What better way to raise funds to house the homeless than to take a tour of artists’ studios?
That’s the thinking behind the 5th Annual Venice Design Series – a curated look at Los Angeles in the 20th and 21st centuries.
The tour of four Eastside Los Angeles artists’ studios is one of six events aimed at creating neighborhood solutions for homelessness in Venice Beach, says Cecilia Dan, an art collector and co-chair of the Venice Design Series.
“The idea is not to push the homeless out of the community, but to embrace them and make them part of the community,” she says. “If we embrace them, everybody wins.”
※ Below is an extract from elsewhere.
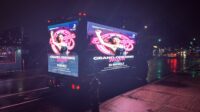 Mercedes Sprinter Van LED Mobile Billboard Truck – Built in 2023 – Excellent Condition!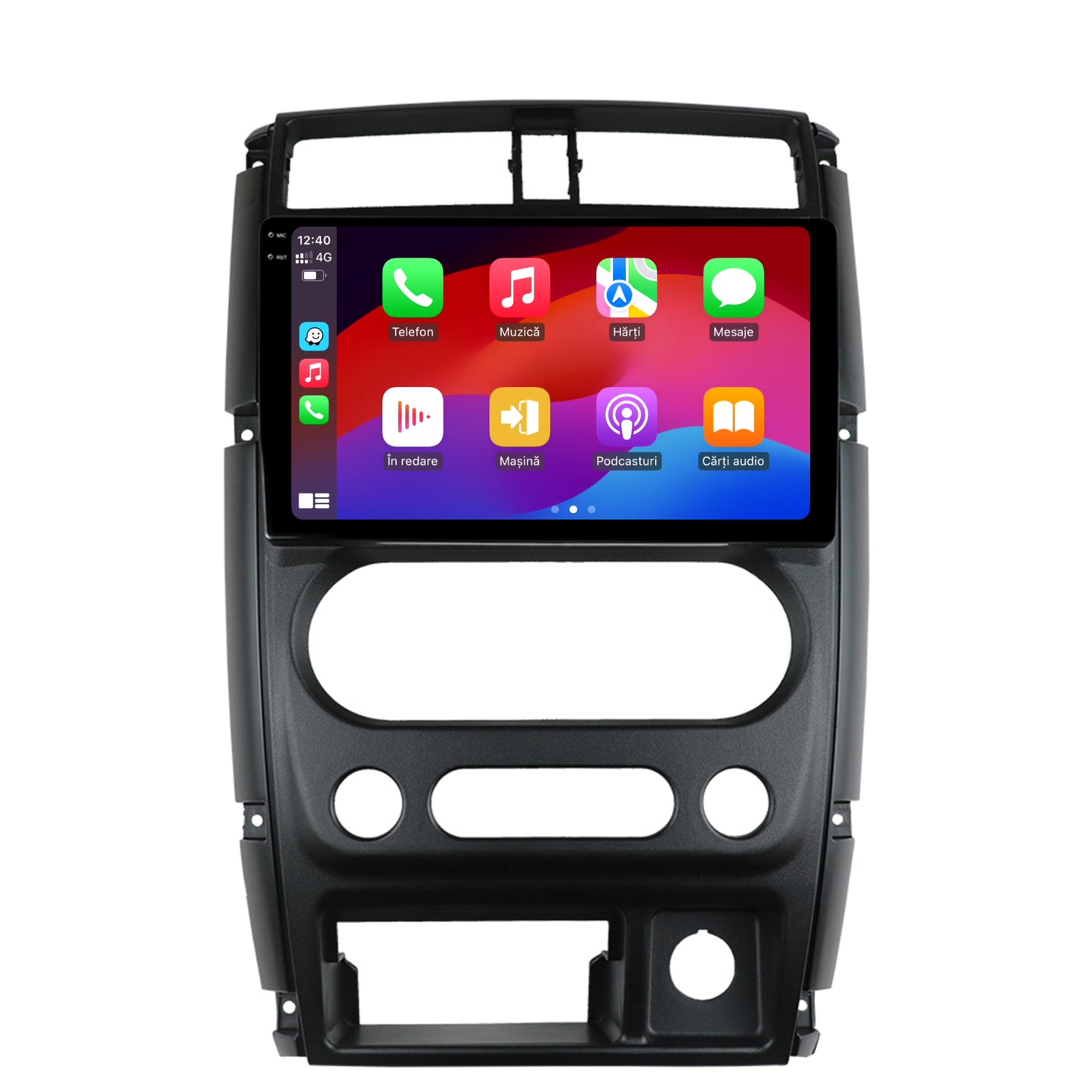 Navigatie 2K Suzuki Jimny (2005+), Android, S-Quadcore / 4GB RAM + 64GB ROM, 9.5 Inch - AD-BGS90042K+AD-BGRKIT315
Tomorrow, 45 people making a donation of $500 each will be able to see four artists at work in their studios. Among them are:
Roy Dowell, a contemporary painter of myths and symbols. His artistic practice separates real objects and events from the language traditionally used to describe them, creating new, layered meanings.
Cammie Staros, who looks specifically to the shapely vessels of Classical Greece in her work. The artist’s hand-built objects marry ancient ceramic techniques with modern industrial materials such as milled and turned woods and machined metals. The resulting sculptures are rooted in history, but are disarmingly present.
Theodora Allen, whose paintings are quiet, restrained, and at times unsettling. Drawing from music, literature, myth and nature, Allen’s meditative compositions investigate themes of temporality and eternity, exploring a space between the physical world and an interior mindscape.
And David Wiseman, one of the leading American designers of his generation. His work draws inspiration from his fascination with the natural world, global decorative arts traditions, and a reverence for honoring timeless craft technique.
They’re some of the more gifted artists practicing in Los Angeles today, and for good reason. “L.A. has a wealth of artists, because of the MFA programs surrounding the city, like U.C.L.A., Claremont, Cal Arts, the Arts Center, U.C. Irvine and U.C. Riverside,” Dan says. “They’re all programs where some of best artists are teaching.”
Now four of them will help the Venice Design Series as it tackles one of the nation’s more persistent challenges.